El enemigo exterior (y dentro)
El cristianismo siempre se ha sentido como una fortaleza sitiada, con incontables enemigos exteriores y muchos también intramuros. Es la tradición, que se remonta al momento del juicio y pasión de su fundador Jesús, hace algo más de dos mil años. Si hacemos caso a los cronistas propios, ya entonces se habría formado una coalición inverosímil contra el revoltoso cristiano, sin precedentes: las autoridades romanas, los fariseos, los saduceos y el bueno de Herodes Antipas, desde entonces un personaje de historieta bufa. Ni siquiera cuando pasaron de perseguidos a perseguidores, tras convertirse en la religión oficial del imperio romano -ellos mismos un imperio-, los cristianos dejaron de sentirse inseguros, incomodados, como fuera de sitio.
Imponer ese tipo de familia es pedir que un gigante calce los zapatos de un enano
La realidad la advirtió ya el propio fundador, aunque sus sucesores no hayan hecho mucho caso. El reino de la religión "no es de este mundo". Pero desde que Roma se convirtió en el centro del cristianismo, no ha dejado de querer imponer, incluso por la fuerza, sus maneras de ver ese mundo. Por eso viven en continua zozobra cuando observan lo poco que se les hace caso.
Es en las cuestiones de moral sexual y de modelos de familia -relaciones de pareja, matrimonio, divorcios, control de la natalidad, número de hijos, etc...-, donde los sacerdotes y fieles cristianos más hacen en silencio lo que les parece correcto según los evangelios. No se preocupan del Papa ni de los obispos. El legalismo romano se ha vuelto engorroso, aunque se exprese tan vigorosamente como antaño.
Así se explica la displicencia de la sociedad ante el alarmismo episcopal. Por muy multitudinarios que sean los escenarios del clamor (tampoco excesivos, por lo visto ayer), cuesta identificar las amenazas que se ciernen sobre la familia como organismo social, según la jerarquía de la Iglesia romana. Ni son visibles esas "viñas devastadas por los jabalíes del relativismo" (Benedicto XVI), ni la doctrina católica es -ni ha sido- la única forma de "garantizar el bien fundamental e insustituible de la familia" (Rouco).
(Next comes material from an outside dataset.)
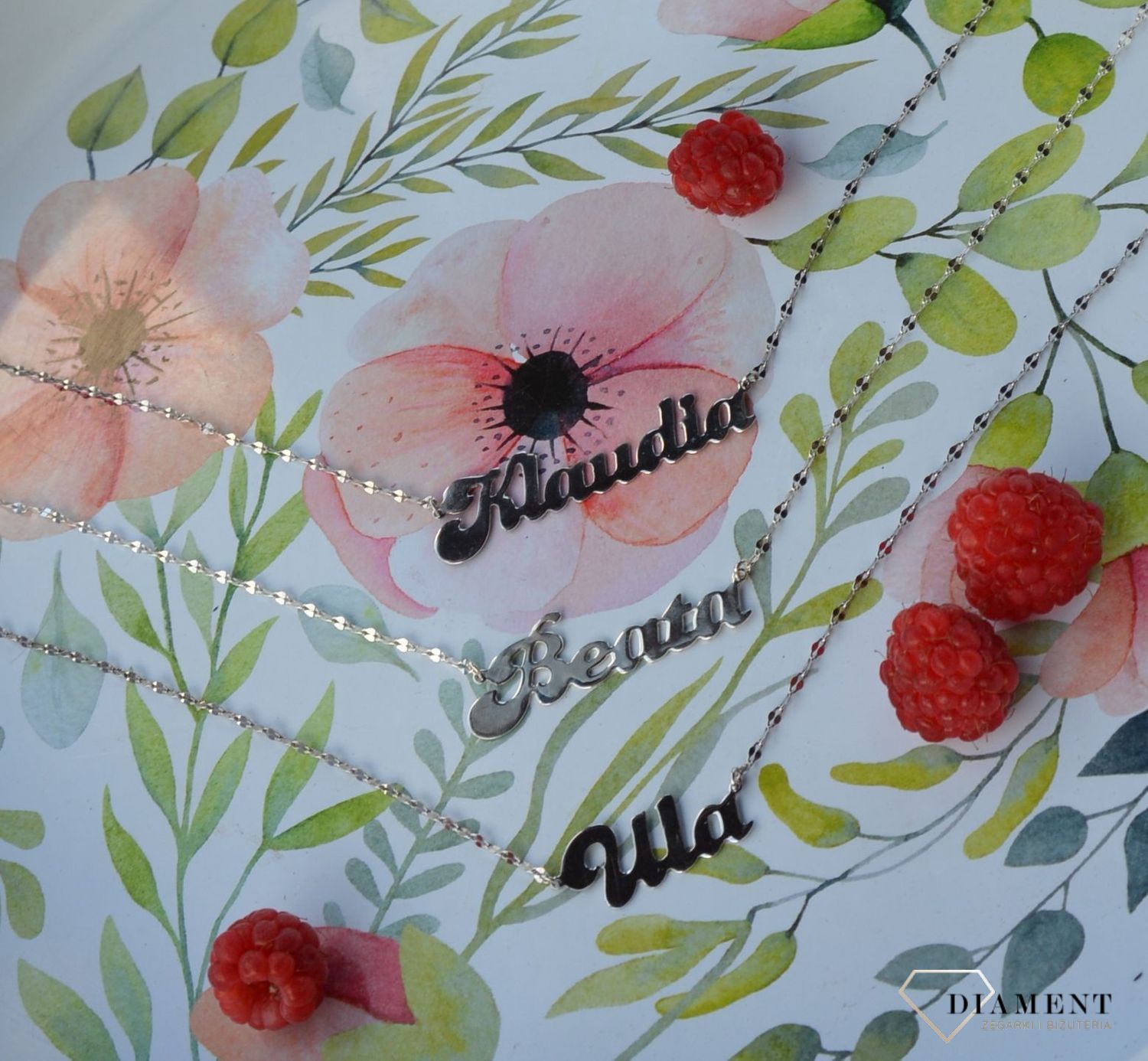 Naszyjnik srebrny z imieniem Klaudia.jpg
Otro cuento es la prédica que coloca en "el principio de toda familia" al pobre carpintero José, a una perpleja virgen María y a su temperamental hijo Jesús. Se trata, si fue como lo cuentan, de una familia extraña. Si siempre es pretencioso el adanismo -el hábito de presentarse como principio de las cosas-, en esta ocasión el empeño resulta ridículo. Obcecarse en imponer a la sociedad actual un modelo de familia sufridora cuando no heroica -hay que tener los hijos que Dios quiera y sin el placer del sexo-, es como pedir que un gigante calce los zapatos de un enano.
Tampoco es cierto que los estados maquinen contra "la centralidad y la integridad de la familia cristiana, fundada en el matrimonio entre un hombre y una mujer, célula primordial y vital de la sociedad". Pese al pesimismo ontológico del cardenal Rouco, la realidad es que los gobiernos se limitan a elevar a rango legal lo que ciudadanos libres han hecho antes normal. También conviene subrayar que nunca antes hubo en España políticas de familia tan financiadas como ahora.
Tanta palabrería sobre el hundimiento del matrimonio, o sobre el sacrosanto papel de la mujer en el cuerpo social, procede, además, de una institución de varones célibes que tienen cerrado a cal y canto el paso a las mujeres en su organización, e incluso un concepto poco honroso del amor carnal, incluso el sacramentado.